Apollo Hospital Chennai Uses RFID to Speed Up Check-upsThe system tracks 250 patients simultaneously as they undergo dozens of diagnostic procedures in half a day, thereby improving traffic flow and saving many hours of time.
Jun 11, 2010—Apollo Hospital Chennai, India's largest health-care facility, is employing an Icegein real-time locating system (RTLS), with Ekahau tags, to move 250 patients a day through a series of up to 26 diagnostic procedures. The system, installed in May of this year, has enabled the hospital to improve the flow of patients through the process, and to save each patient hours of time that previously may have been spent waiting for a procedure to take place. Although it is still too early to measure all of the benefits derived from the system, the deployment is expected to not only shorten the time patients spend at the hospital, but also allow the facility to serve more patients each day, due to the added efficiency it provides.
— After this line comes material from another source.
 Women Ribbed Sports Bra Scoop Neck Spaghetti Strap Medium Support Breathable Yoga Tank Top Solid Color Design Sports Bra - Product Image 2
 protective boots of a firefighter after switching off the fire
Apollo was the first of India's hospitals to provide a "package" consisting of all of a patient's annual health-care diagnostic needs in a single day. Rather than undergo each procedure at a separate location and at a different time of the year, a patient can schedule a series of procedures to be held on the same day at the hospital. Once annually, each patient arrives at 7 a.m. and proceeds through as many as 26 procedures, by moving from one department to the next. Those may include blood tests, x-rays, echocardiograms, sonograms and mammograms, in order to measure the patient's health. Since Apollo implemented the plan, other Indian health-care companies have been offering similar programs as well. ![]()
During check-ups, patients at Apollo Hospital Chennai wear Ekahau T301B badge tags to track their locations and the diagnostic procedures they undergo.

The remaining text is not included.